Even with increase, minimum wage still doesn't add up

By Scott Alessi| comments | Print this pagePrint | Email this pageShare
blog Social Justice

On the surface, this sounds like good news: Rhode Island has increased its state minimum wage from $7.40 to $7.75--a full 50 cents higher than the federal minimum--to give a raise to the estimated 10,000 workers who earn the bare minimum within the state.

Those workers will surely appreciate their extra 35 cents an hour, or $14 a week if they have full-time, 40-hour jobs. But the truth is, even with the higher rate, living on minimum wage is still an incredible struggle.

Using the $7.75/hour rate as an example (and some states have established slightly higher minimums, with Washington state's $9.04 being the highest), that comes out to $310 for a 40-hour work week. That's $16,120 per year and about $1,343 per month--all before taxes (and I know that low income earners can get much of their tax dollars back at the end of the year, so for the sake of simplicity we'll just talk in gross earnings).

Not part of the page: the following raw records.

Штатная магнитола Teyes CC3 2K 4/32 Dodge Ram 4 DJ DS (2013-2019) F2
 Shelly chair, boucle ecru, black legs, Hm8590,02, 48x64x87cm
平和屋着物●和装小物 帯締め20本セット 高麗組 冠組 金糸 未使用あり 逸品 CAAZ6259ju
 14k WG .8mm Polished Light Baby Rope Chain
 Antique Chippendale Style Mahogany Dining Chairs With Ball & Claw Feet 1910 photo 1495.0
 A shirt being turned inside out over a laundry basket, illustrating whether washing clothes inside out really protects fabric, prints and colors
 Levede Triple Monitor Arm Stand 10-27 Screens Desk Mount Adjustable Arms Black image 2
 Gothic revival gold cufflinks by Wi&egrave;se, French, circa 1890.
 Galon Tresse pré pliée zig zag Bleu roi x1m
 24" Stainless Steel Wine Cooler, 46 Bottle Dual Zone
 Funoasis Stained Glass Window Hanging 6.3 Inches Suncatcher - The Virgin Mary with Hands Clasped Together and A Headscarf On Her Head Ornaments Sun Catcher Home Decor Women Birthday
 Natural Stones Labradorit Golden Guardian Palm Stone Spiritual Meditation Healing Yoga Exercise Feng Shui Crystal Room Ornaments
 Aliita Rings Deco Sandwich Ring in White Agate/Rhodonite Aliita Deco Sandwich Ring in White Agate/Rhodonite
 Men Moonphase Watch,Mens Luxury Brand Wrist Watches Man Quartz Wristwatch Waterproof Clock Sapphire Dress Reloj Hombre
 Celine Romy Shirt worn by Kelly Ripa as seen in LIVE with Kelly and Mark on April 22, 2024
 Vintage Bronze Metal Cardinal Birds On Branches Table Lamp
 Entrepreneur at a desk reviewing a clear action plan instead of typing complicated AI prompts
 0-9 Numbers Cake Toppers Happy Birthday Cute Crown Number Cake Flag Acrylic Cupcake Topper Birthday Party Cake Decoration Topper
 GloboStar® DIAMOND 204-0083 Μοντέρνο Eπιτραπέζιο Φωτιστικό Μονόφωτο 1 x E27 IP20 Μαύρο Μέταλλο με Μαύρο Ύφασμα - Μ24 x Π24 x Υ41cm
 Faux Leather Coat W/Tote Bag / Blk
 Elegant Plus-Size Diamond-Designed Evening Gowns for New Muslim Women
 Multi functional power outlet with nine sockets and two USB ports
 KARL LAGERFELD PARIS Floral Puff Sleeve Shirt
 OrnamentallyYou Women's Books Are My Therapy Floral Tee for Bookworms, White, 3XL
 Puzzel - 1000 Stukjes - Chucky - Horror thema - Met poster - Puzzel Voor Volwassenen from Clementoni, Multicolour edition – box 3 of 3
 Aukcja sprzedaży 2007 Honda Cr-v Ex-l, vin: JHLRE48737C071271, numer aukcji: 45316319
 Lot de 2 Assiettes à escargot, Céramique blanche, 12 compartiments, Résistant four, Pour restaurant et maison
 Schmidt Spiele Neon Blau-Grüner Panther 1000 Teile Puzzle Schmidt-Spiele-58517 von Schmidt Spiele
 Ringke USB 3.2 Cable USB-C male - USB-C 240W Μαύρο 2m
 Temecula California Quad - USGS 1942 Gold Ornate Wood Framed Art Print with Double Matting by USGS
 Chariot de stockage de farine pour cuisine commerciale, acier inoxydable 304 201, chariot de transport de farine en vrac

Even for a single person, $1,343 per month is going to be difficult to stretch out. When I was just starting my first job out of college and living in a suburban area, I spent months searching for a small, one bedroom apartment under $1,000 a month, and found many were well above that price. The national Center for Housing Policy reports the monthly median cost for renters is $830 and for home owners it is $1,037. So even at the median price, a minimum wage earner will spend 60 percent of their gross income just on housing, without even factoring in food, utilities, transportation, and other basic expenses.

But maybe you're lucky enough not to be the only wage earner in your household. Let's say your spouse is also a full-time worker earning the same minimum wage, making your household income $32,240 a year. But if you also have two children, your monthly costs probably included a larger (and more expensive) apartment or home, plus your children's food, clothing, daycare if they're too young for school, and other necessities.(For a great look at the sacrifices low-income earners have to make, try your hand at this interactive game created by a North Carolina-based charity).

But even though you're stretched very thin, your salary still puts you well above the federal poverty guidelines for a family of four, which is currently set at $23,050. In fact, you'd need to have five children before the government considered you to be "poor" on the minimum wage of $32,240.

Some politicians would rather we not use these kinds of "sob stories" when talking about the economy. But others, like Cardinal Timothy Dolan, understand just how difficult it is for people to survive on the current minimum wage. The bishops have continuously stressed the need for an economic policy that considers the needs of those who are struggling to make ends meet, and they're currently working on a document that applies Catholic teaching to work, poverty, and the "broken economy."

Hopefully the bishops are able to call attention to this issue and to rally Catholics behind the cause of supporting a just, living wage for all hard-working Americans.